Records provided: Begin
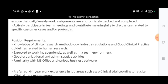Position requirements include knowledge of clinical research methodology, industry regulations, and Good Clinical Practice (GCP) guidelines. GCP is very important in clinical trials, clinical data management, and everywhere in the industry. You are expected to work independently as well as in a team environment, with good organization and administration abilities, and familiarity with MS Office and various business software.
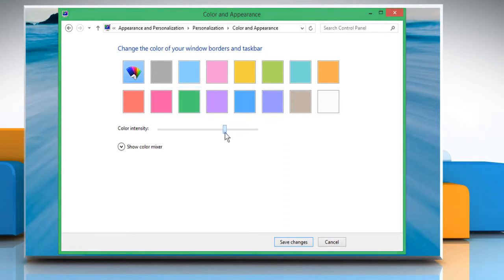Select a color and choose the intensity of the color that you want. You can preview the same in the Personalization window and taskbar itself.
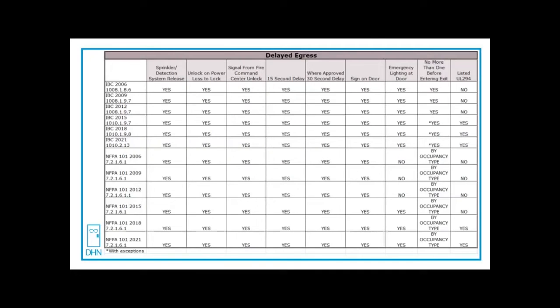As you can see from that short video, delayed egress is locking the door on the egress side. Only for 15 seconds unless by exception where you can have up to a 30 second delay.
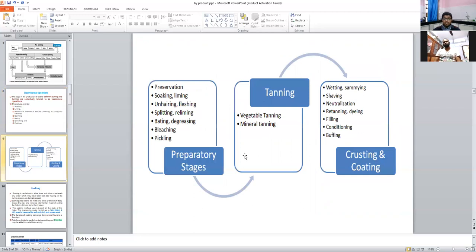The three stages of the tanning operation in detail: First, preparatory stages include preservation, soaking and liming, unhairing and flashing, splitting and reliming, baiting and degreasing, bleaching and pickling. Second, tanning — done by two methods: vegetable tanning or mineral tanning (chrome tanning). Third, crusting and coating: wetting or sammying, shaving, neutralization, retanning and dyeing, peeling, conditioning, and buffing — buffing means smoothing the leather surface.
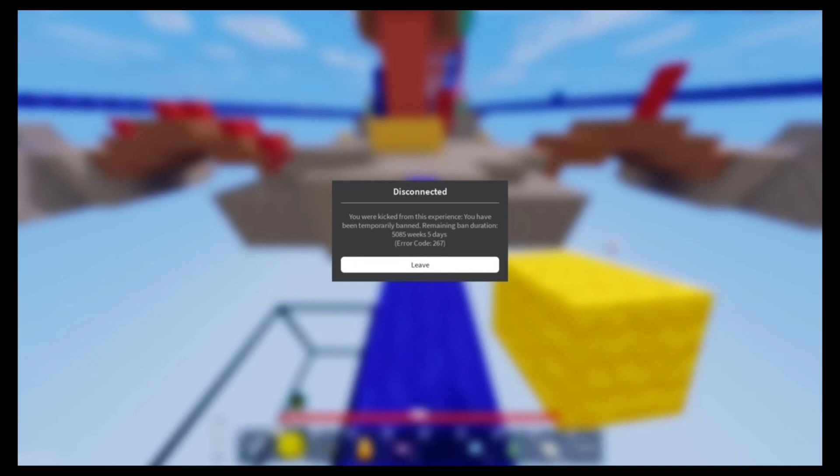Yo, so I was playing Bedwars and I got banned. I don't even know how that's possible.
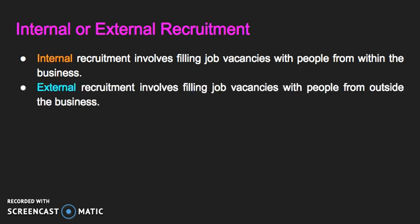We also have external recruitment, which involves filling job vacancies with people from outside the business. External recruitment employees may be obtained through more traditional methods such as newspaper advertisements, online advertisements, and referrals through recruitment agencies, company websites, trade unions, trade shows, management networks, professional associations, schools, radio, and television.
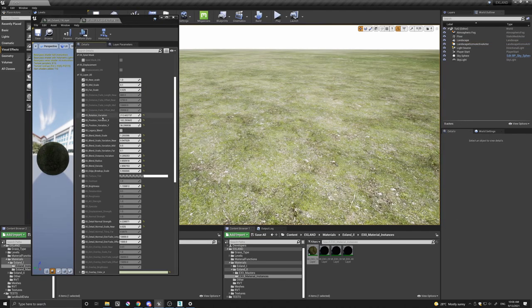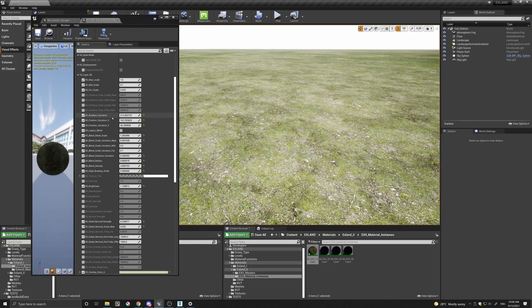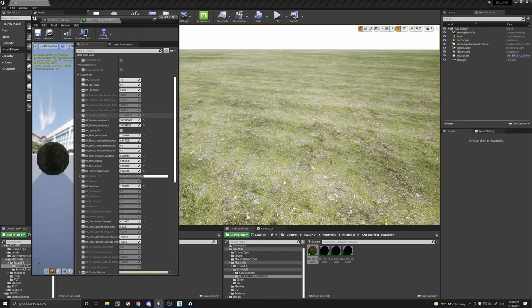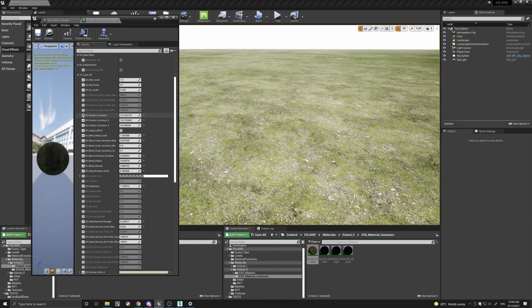So the first thing to note is the rotation variation. This is a way to control the random rotation for each tile. If I turn this to default, which basically is zero, which turns it off, you can see the difference, and on.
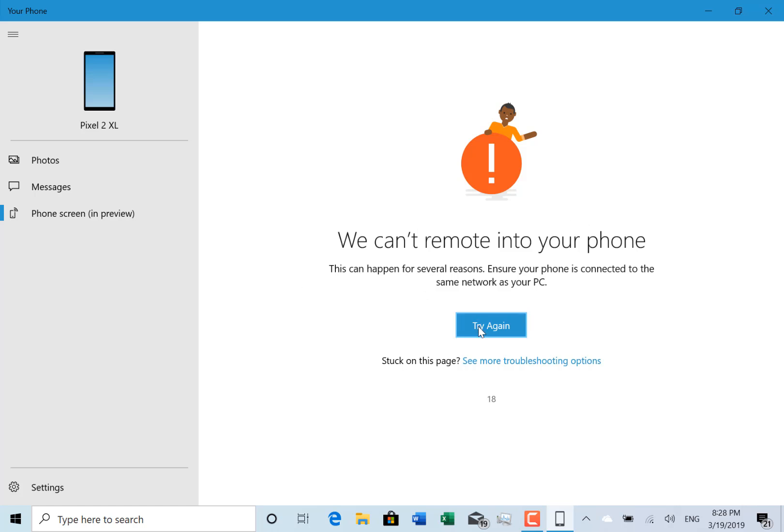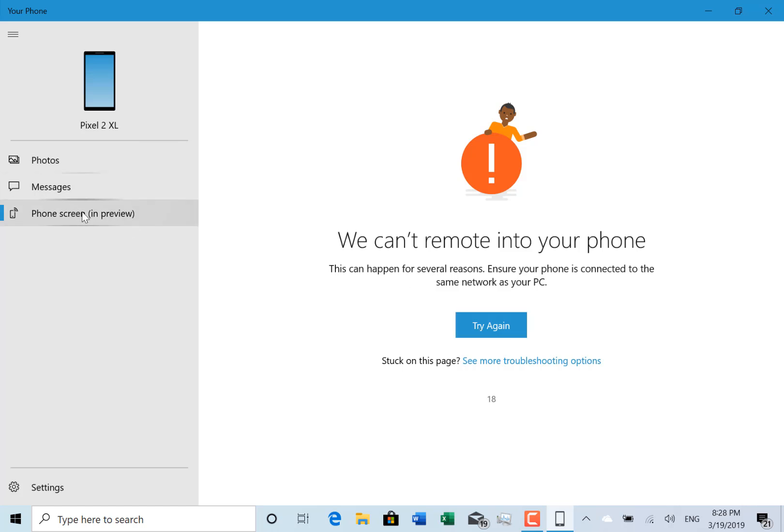Well, it says my phone's not connected, but actually that isn't the problem. The problem is my phone, a Pixel 2 XL, isn't supported. They're currently only going for the Samsung S8 and S9 models, the Plus and the regular sized ones. But that's coming soon, so I'm really looking forward to giving that a try, being able to mirror my Android phone onto the desktop.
Records provided: End
Your response must consist of the lines from the beginning of the data through the line containing "So the first", transcribed exactly, with no pictures.

Answer to this exercise:
Position requirements include knowledge of clinical research methodology, industry regulations, and Good Clinical Practice (GCP) guidelines. GCP is very important in clinical trials, clinical data management, and everywhere in the industry. You are expected to work independently as well as in a team environment, with good organization and administration abilities, and familiarity with MS Office and various business software.
Select a color and choose the intensity of the color that you want. You can preview the same in the Personalization window and taskbar itself.
As you can see from that short video, delayed egress is locking the door on the egress side. Only for 15 seconds unless by exception where you can have up to a 30 second delay.
The three stages of the tanning operation in detail: First, preparatory stages include preservation, soaking and liming, unhairing and flashing, splitting and reliming, baiting and degreasing, bleaching and pickling. Second, tanning — done by two methods: vegetable tanning or mineral tanning (chrome tanning). Third, crusting and coating: wetting or sammying, shaving, neutralization, retanning and dyeing, peeling, conditioning, and buffing — buffing means smoothing the leather surface.
Yo, so I was playing Bedwars and I got banned. I don't even know how that's possible.
We also have external recruitment, which involves filling job vacancies with people from outside the business. External recruitment employees may be obtained through more traditional methods such as newspaper advertisements, online advertisements, and referrals through recruitment agencies, company websites, trade unions, trade shows, management networks, professional associations, schools, radio, and television.
So the first thing to note is the rotation variation. This is a way to control the random rotation for each tile. If I turn this to default, which basically is zero, which turns it off, you can see the difference, and on.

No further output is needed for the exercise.